Despite the killer's subsequent claim that the attack was committed with a 9 mm Luger, this weapon was manufactured with an eight-round magazine, and the killer fired at least nine shots without reloading.  While a 32-round extended magazine for the Luger had been available for some time, Vallejo police believe the weapon was actually a 9 mm Browning High-Power, which carries thirteen rounds in its factory magazine, although the weapon could have been one of several 9-round 9 mm handguns available at the time.

Some of Ferrin's close friends reported that she may have been stalked in the months preceding her death, or at least the recipient of some unwanted visits. Author Robert Graysmith's account contends that she knew her killer. These views are not shared by most investigators, however, nor by Darlene's widower, Dean Ferrin, who was never interviewed for ZODIAC and in subsequent conversation has stated that he noticed no unusual behavior or anxiety on his wife's part in the months before her death.  

The alleged "stalker" in this case was likely a Vallejo man and would-be paramour who had been rebuffed several times by Darlene and who, by many accounts, did not take it in a gentlemanly fashion.  This particular individual was soon tracked down and interviewed by Vallejo detectives, who determined that he had been watching fireworks with his wife on the night of the Fourth, and had been at home in her company at the time of the murders.  

Stories that Ferrin and/or Mageau knew one or more of the other Zodiac victims are entirely unconfirmed, as are rumors that Mageau may have been hiding some knowledge of the killers identity or motive.  

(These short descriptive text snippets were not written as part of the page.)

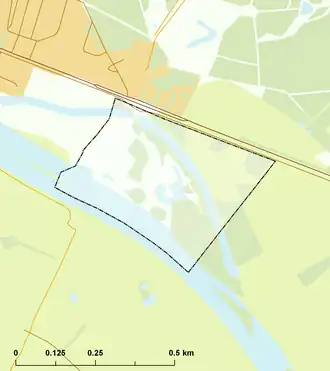 Grenzen van het beschermd gezicht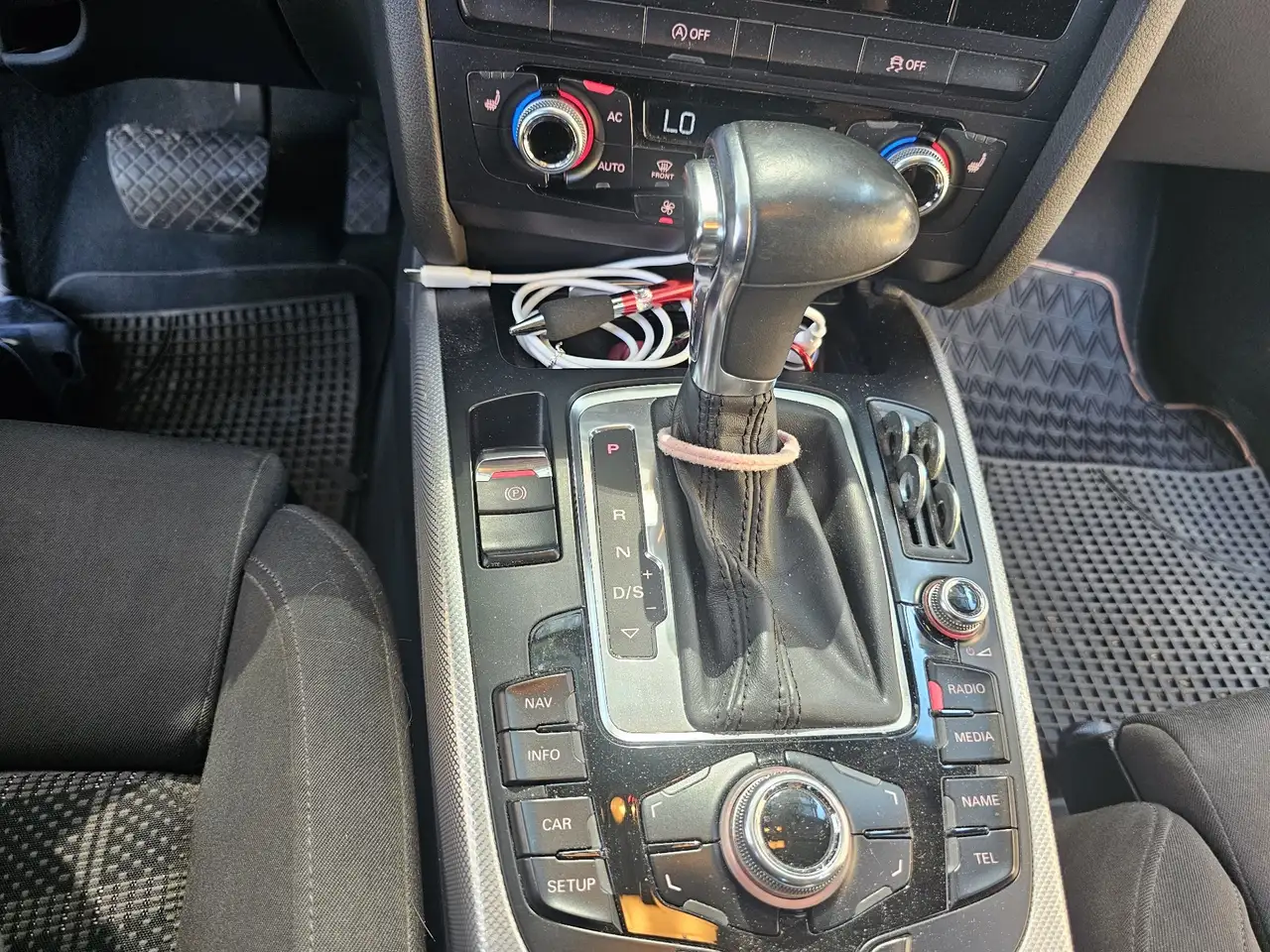 Audi A4 Avant 1.9 tdi 110cv auto, foto 9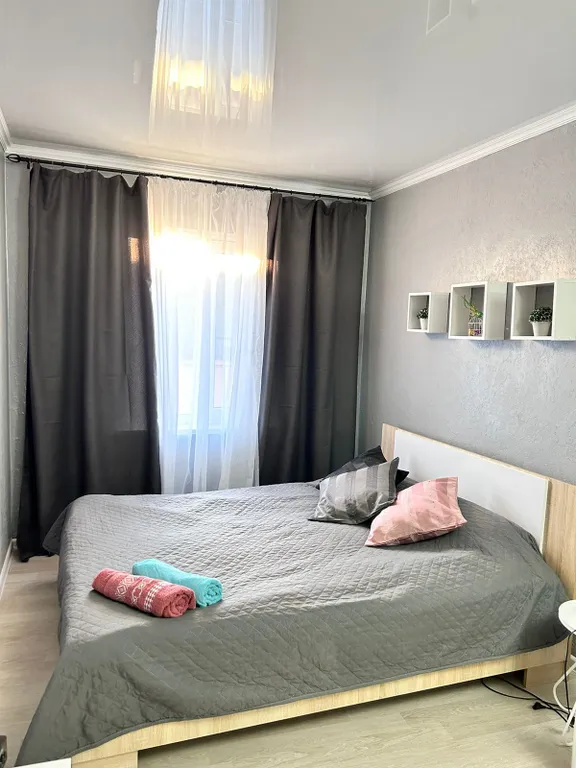 Уютная квартира студия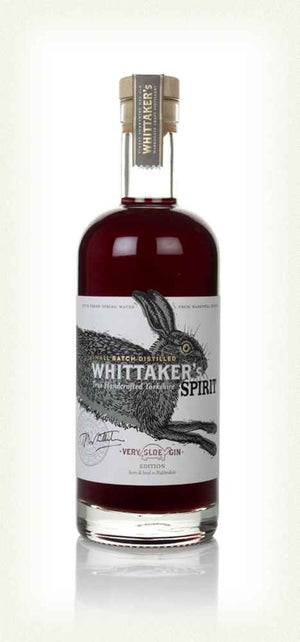 Whittaker's Very Sloe | 700ML - Buy Liquor Online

His accounts of the night's events, to both the police and the press, uniformly describe an unknown man who walked silently up to the car and started shooting.  These and other details were maintained through all recorded interviews with Mageau, whether in horrible pain after the incident, under heavy medication at the hospital, or in the spotlight of morbid local celebrity.

The lone indication that Ferrin may have known her killer — or may have been known to him — was a pair of calls made to Darlene's home shortly after the murder.  When the calls were answered by Ferrin's friends at the house, there was no voice on the other end.   One source close to the family claims that the calls were made by Darlene's brother, Leo, who was waiting to hear from Darlene about an unrelated matter.

At 12:40, a pay phone call was made through the operator to Vallejo Police Headquarters. According to the police dispatcher, the caller's voice was mature and without accent, and he spoke evenly and consistently as if reading from a script.

At one point, the dispatcher tried to ask the caller's identity and location, but he would not be interrupted and said, "I want to report a double murder.  If you go one mile east on Columbus Parkway to the public park, you will find kids in a brown car.  They were shot with a 9 mm Luger. I also killed those kids last year. Good bye" .

Robert Graysmith's ZODIAC contains an apocryphal scene in which the caller hangs up, but is surprised by a call-back device on the police switchboard that causes the pay phone to start ringing.  This allegedly caught the attention of a chance passerby who watched the caller take the receiver off the hook, leave the booth, and drive off in a brown car.

This man, described in a subsequent letter from the killer, was sought by both the police and local newspapers to no avail, indicating that Graysmith may simply have been elaborating on a bogus detail provided by the Zodiac to create confusion.  When the police were able to trace the call to a pay phone at Tuolumne Street and Springs Road, they found that the booth in question was just a few blocks away from the Vallejo Sheriff's Office.